Lady (Charlotte) Eleanor Butler, elder of the two Ladies of Llangollen, was born at Cambrai, the youngest daughter of Walter Butler of Garryricken and his wife, Eleanor. Apparently of too ‘satirical’ and ‘masculine’ a cast of mind to make the advantageous marriage that might help restore the Butler family fortunes, Lady Eleanor seemed doomed to a life of narrow solitude when, in 1769, and aged almost thirty, she met Sarah Ponsonby.
On the night of 30 March 1778, disguised as men and armed with pistols, Ponsonby and Butler fled their homes and made for Waterford, Ireland and the boat for England.

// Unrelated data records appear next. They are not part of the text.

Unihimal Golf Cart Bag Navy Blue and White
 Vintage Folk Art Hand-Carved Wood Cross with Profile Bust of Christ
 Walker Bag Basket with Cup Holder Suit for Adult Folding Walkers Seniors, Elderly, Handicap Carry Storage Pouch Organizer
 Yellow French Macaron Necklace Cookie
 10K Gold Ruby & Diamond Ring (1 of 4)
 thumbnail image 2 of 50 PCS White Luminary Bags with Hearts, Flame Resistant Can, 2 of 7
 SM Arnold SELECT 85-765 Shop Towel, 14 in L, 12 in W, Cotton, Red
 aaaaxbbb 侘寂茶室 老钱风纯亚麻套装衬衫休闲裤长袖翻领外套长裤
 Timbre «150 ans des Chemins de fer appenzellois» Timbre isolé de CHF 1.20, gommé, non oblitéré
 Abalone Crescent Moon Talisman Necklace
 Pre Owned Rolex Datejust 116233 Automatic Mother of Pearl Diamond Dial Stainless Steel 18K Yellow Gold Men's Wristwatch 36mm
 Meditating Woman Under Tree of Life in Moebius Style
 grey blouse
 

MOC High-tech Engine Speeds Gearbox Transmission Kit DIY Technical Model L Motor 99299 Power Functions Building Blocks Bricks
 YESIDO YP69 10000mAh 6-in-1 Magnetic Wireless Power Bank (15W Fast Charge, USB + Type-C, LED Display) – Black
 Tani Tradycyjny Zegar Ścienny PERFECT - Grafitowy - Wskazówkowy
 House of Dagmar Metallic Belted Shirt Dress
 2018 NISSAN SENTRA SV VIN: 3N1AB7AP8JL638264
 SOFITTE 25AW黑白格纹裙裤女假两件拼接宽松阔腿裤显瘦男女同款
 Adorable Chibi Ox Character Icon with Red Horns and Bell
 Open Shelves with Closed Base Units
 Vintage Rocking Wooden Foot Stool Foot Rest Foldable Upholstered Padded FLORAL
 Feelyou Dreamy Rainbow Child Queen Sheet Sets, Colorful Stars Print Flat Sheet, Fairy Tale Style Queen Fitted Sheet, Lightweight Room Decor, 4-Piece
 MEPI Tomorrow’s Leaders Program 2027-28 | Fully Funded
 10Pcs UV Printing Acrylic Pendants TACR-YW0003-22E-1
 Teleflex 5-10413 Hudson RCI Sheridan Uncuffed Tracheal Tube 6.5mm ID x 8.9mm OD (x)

Their families caught up with them two miles from the port, and they were ignominiously brought back as prisoners. Not daunted, both ladies successfully escaped Ireland shortly thereafter.
Accompanied by Mary Carryll, the devoted Woodstock housemaid, Butler and Ponsonby for a time toured north Wales, finally settling at Plas Newydd, a rented cottage on the outskirts of the village of Llangollen. They then began to live the ‘retirement’ that would make them famous. It was a life almost conventual in its simplicity, lived according to a strict timetable, regulated by careful, if not always very accurately kept, accounts, concentrating on good works (though in moderation), self-improvement, reading, gardening, and delicious meals.
Lady Eleanor died at Plas Newydd on 2 June 1829, and her friend died there on 9 December two years later. They are buried with their maid, Mary Carryll, beneath a substantial neo-Gothic tombstone in Llangollen churchyard.